Quote word for word the lines below, beginning with the first and ending with the one that has "Method 2: Delete". Drop the pictures.

[[ Stored data open ]]

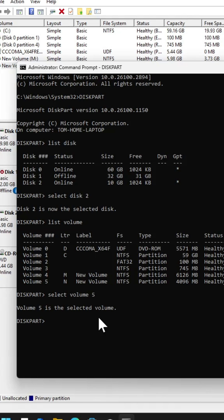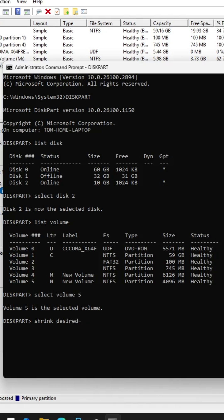I need to use the command shrink. Then I have to set desired value in megabytes. I will enter 2048. Basically 2048 is 2 GB. I will enter.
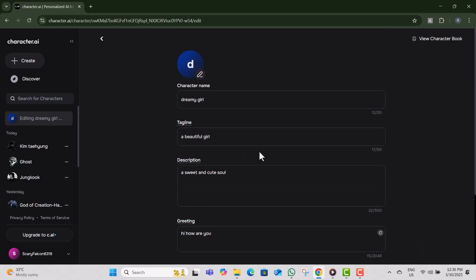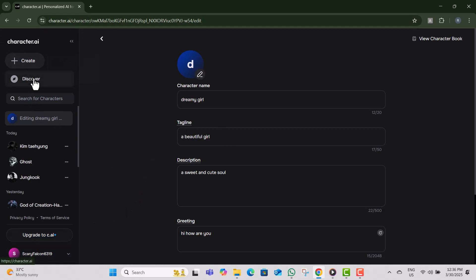Method 2: Delete all bots by deleting your Character AI account. Step 1, go to the Character AI homepage. Make sure you're logged into the account that owns the bots you want to delete.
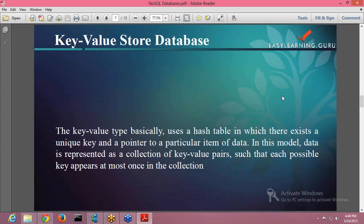The key-value type basically uses a hash table in which there exists a unique key and a pointer to a particular item of data. In this model, data is represented as a collection of key-value pairs such that each possible key appears at most once in the collection. In simple terms, the data is stored in the form of key-value. Whatever data you store, an associated key is given with it, and then those keys are stored in a hash table. So whenever you perform a search, it goes to the hash table, and whichever key matches, the respective data is then given to you.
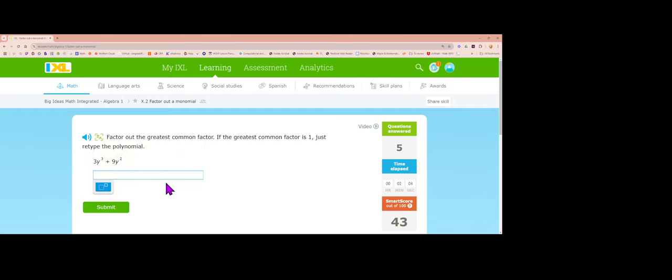Next problem: the greatest common factor of 3 and 9 is 3, and the lowest power of y is y squared. 3 divided by 3 is 1, y cubed divided by y squared is y to the first, 9 divided by 3 is 3, and y squared divided by y squared cancels. Answer: 3y squared times (y plus 3).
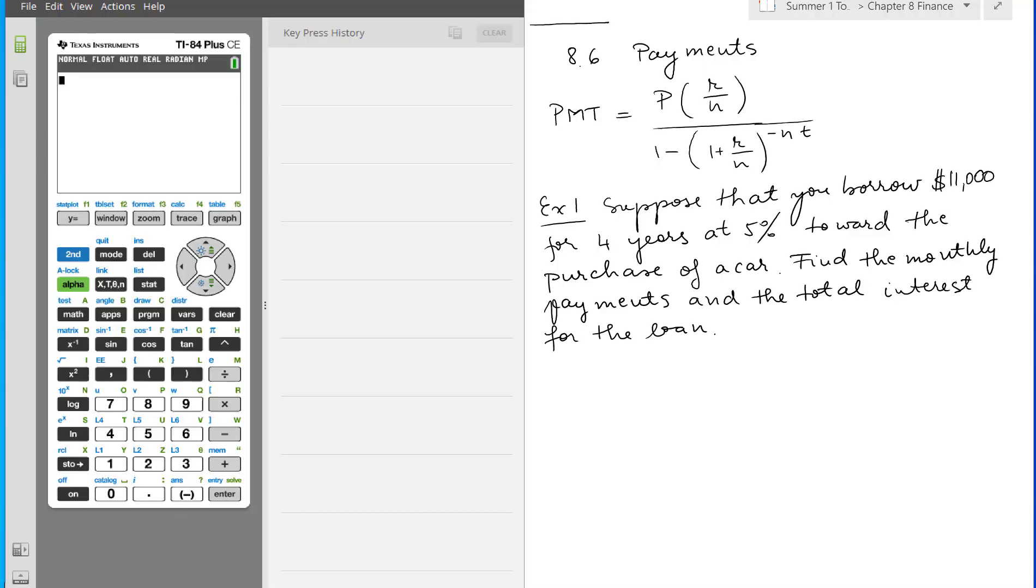In this video I'm going to show you how to calculate the payments for a car or a house.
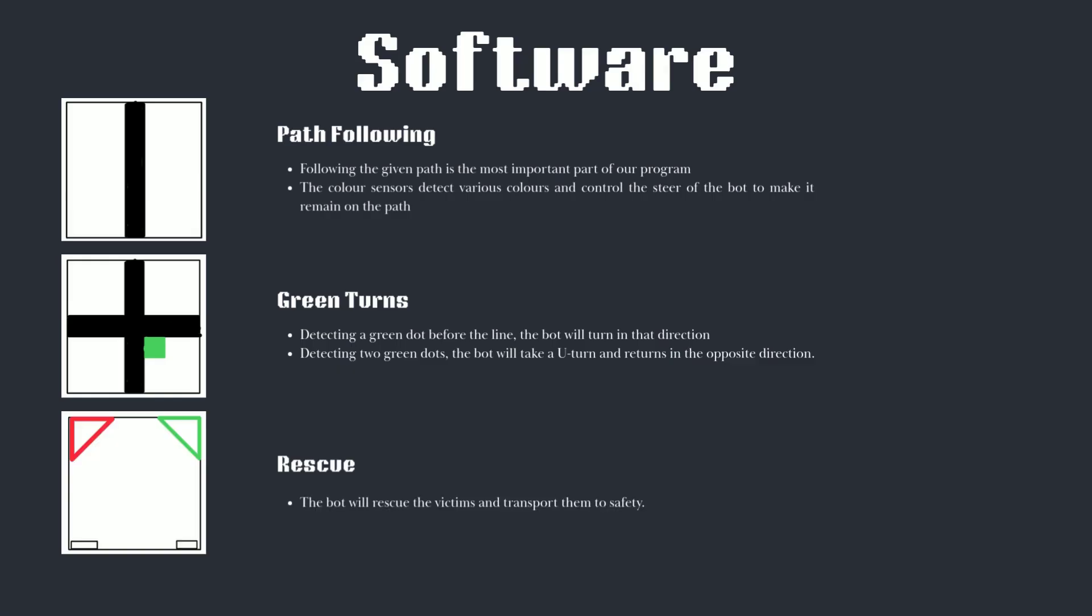The rescue program is the final part of our program. It includes rescuing the victim and providing them safely in the designated compartments. Using the ultrasonic sensor to detect the area around it, the bot will accordingly rescue the victims, transfer them to safety and exit the rescue area to continue line following.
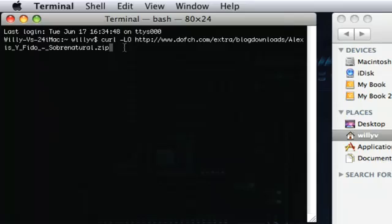Now the -O is basically letting curl know that when we save this file, we want to save it with the original name that's on the server. So we don't have to rename it — it'll already keep that same original name.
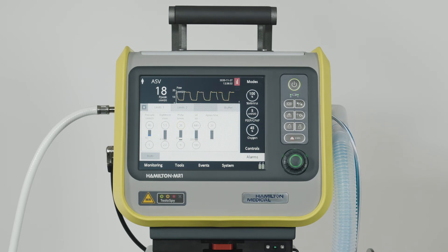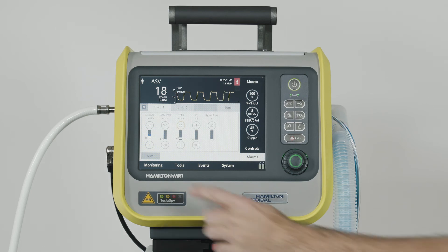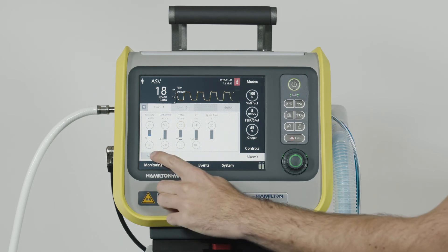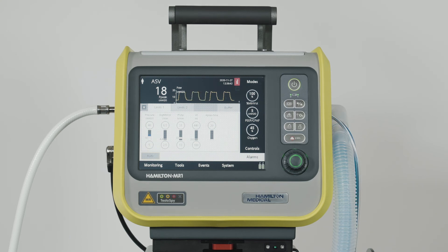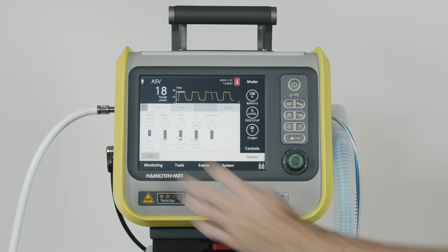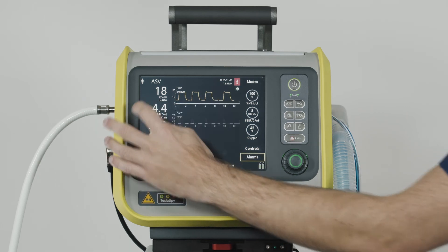To set alarm limits quickly, you can touch the Auto button. All the alarm limits, except for tidal volume and apnea, will automatically be set around the current monitoring parameter values.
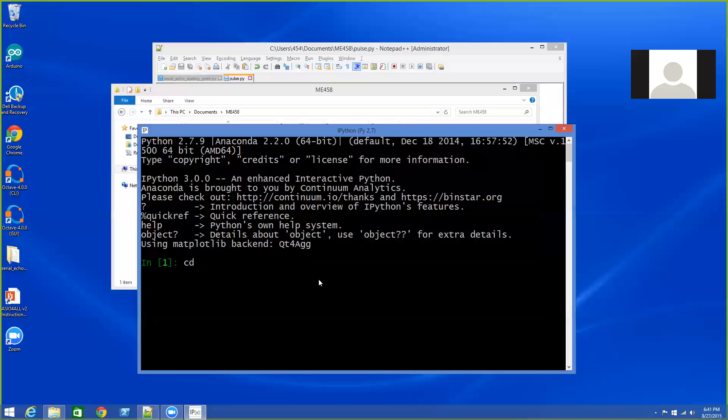And then I can Control-C or right-click to copy that. I come back over to IPython, CD, right-click. And now I'm in the folder that contains the file that I want to run.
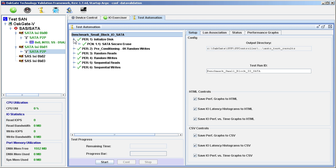We see there is one test within this set. In this particular case, this is not really a test. Instead, this is a special action to precondition the drive for the testing to follow. This action, SATA Secure Erase, causes a SATA drive to erase all data on the drive. It is a single command issued to the drive and the drive's firmware performs the actual erasure.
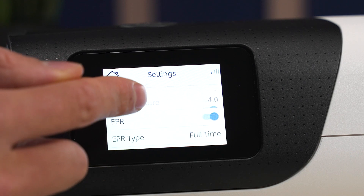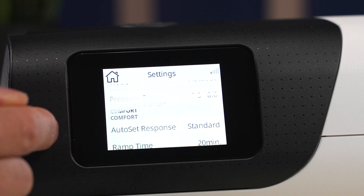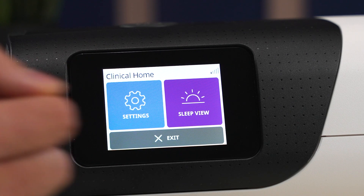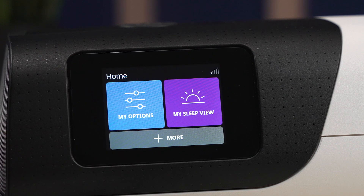We're just going to leave it like that, click the home menu, click exit, and there you go. You have changed the pressure of your CPAP machine.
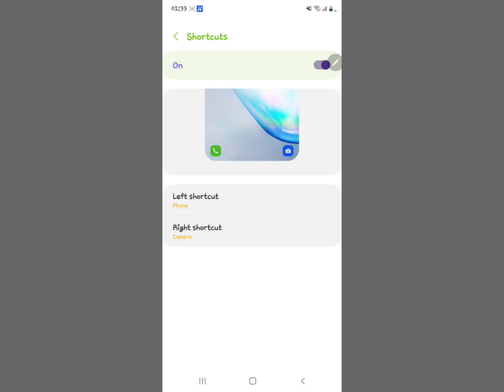On the left-hand side we have the Phone shortcut — that's the left shortcut. On the right side, the right shortcut is the Camera. We're going to change both of these shortcuts.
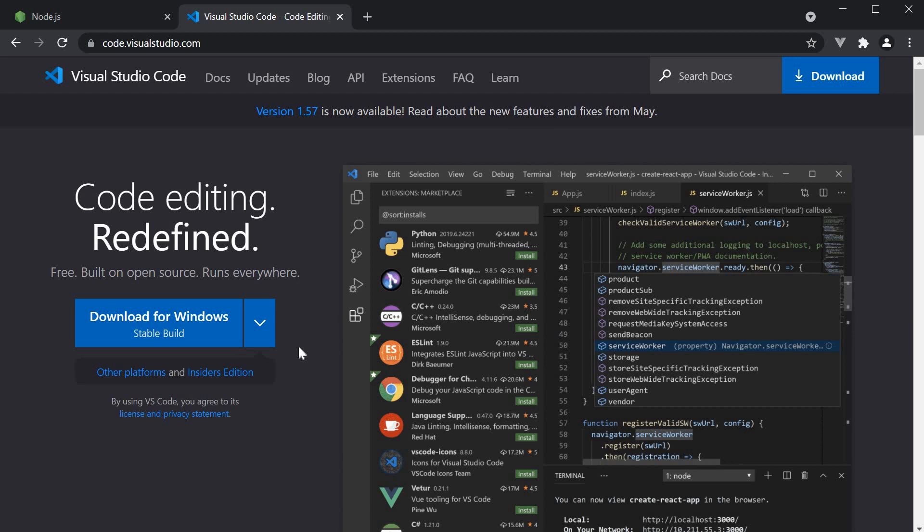For text editor, I recommend VS Code. You can download and install it from code.visualstudio.com.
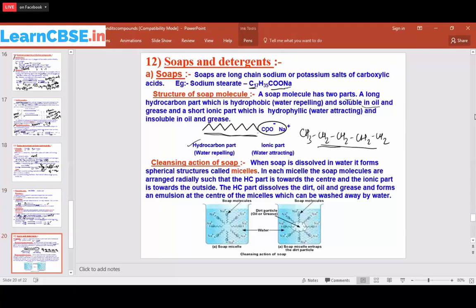The second part of the soap molecule is the short ionic part — COO⁻ and Na⁺. We write Na⁺ because metals carry a positive charge; sodium is in Group 1 so it has a +1 charge. COO⁻ is the counter ion. This ionic part is hydrophilic — 'philic' means liking — so it is a water-attracting group. If the soap contained only the hydrocarbon chain, it would not dissolve in water; the ionic part makes it soluble in water.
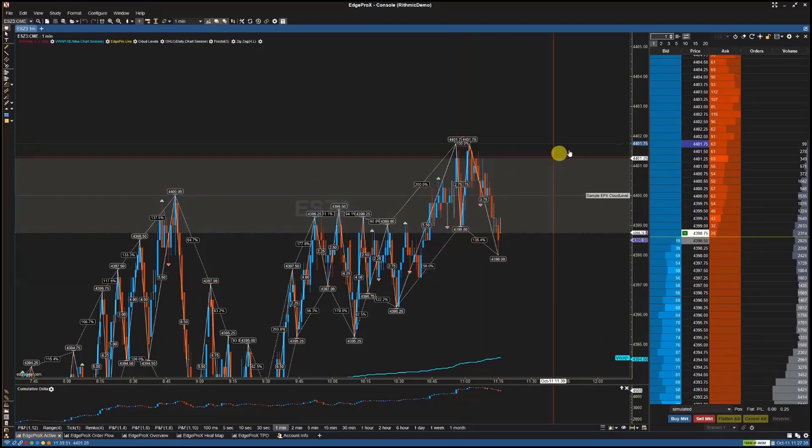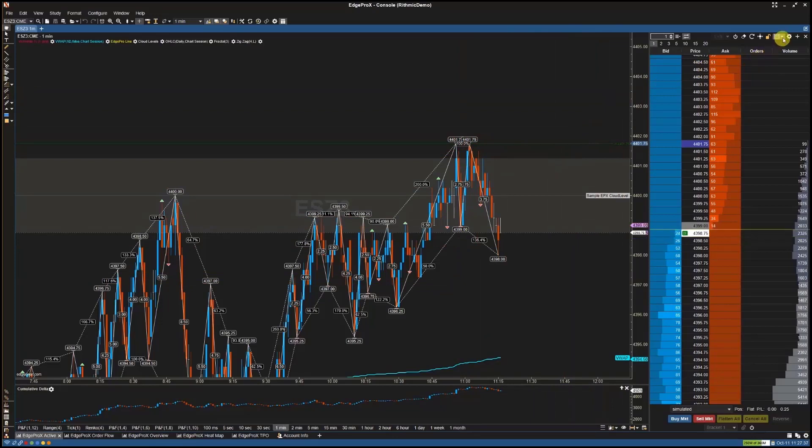To apply DOM templates, simply click on this icon above the DOM and select your DOM template from the list.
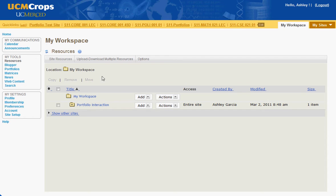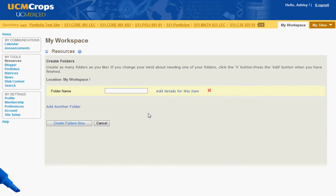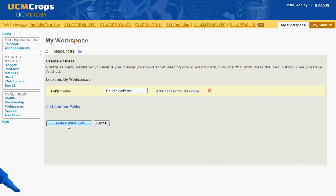Next to your My Workspace folder, in the Add drop-down menu, select Create Folders. Name your folder Course Artifacts. Then select Create Folders Now.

[[ Stored data closed ]]

▶ _Written answer_:
I need to use the command shrink. Then I have to set desired value in megabytes. I will enter 2048. Basically 2048 is 2 GB. I will enter.
Method 2: Delete all bots by deleting your Character AI account. Step 1, go to the Character AI homepage. Make sure you're logged into the account that owns the bots you want to delete.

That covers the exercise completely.